Amor por los colores, por Aleix Parisé

El fútbol aún no está perdido del todo. Casos como el de Marc Casadó o el de Pablo García nos recuerdan el romanticismo de antaño cuando se era de un equipo por convicción. Daba igual que no ganara ni el torneo de la galleta. Se iba al campo con la camiseta, la bufanda y una gran sonrisa, aún a sabiendas de que podía ser otra mala tarde para los tuyos. Porque el amor por los colores era innegociable. Tanto en la grada como en el césped.

Antes, los traspasos eran menos habituales, pero la entrada de grandes capitales y del marketing global ha cambiado las reglas del juego. Los clubs prácticamente se ven obligados a reforzarse con estrellas cada verano y, a su vez, a desprenderse de futbolistas.
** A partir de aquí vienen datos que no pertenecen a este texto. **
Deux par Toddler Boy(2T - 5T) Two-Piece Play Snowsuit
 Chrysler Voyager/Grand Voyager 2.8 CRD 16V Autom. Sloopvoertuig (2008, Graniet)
Los intereses de los intermediarios, representantes y agentes de comunicación también juegan un papel relevante en los constantes movimientos de los jugadores. 

El fútbol se ha convertido en una subasta mundial y la mayoría de los futbolistas se venden al mejor postor. Se besan escudos con demasiada facilidad y se declara amor y compromiso por una camiseta sin ningún tipo de sentimiento y de cara a la galería. 

El contraste entre Enzo Pérez o Julián Alvárez y Marc Casadó o Pablo García es el mejor ejemplo de esto. Soy consciente de que la rueda no puede parar de girar y que el circo se ha instalado para quedarse, pero las lágrimas del jugador del Betis antes de irse a Santander o la cara de Casadó antes de partir para A Coruña me emocionan y me reconcilian con mi forma de entender el fútbol. Ojalá los dos tengan una gran temporada y algún día puedan triunfar en el club de su vida.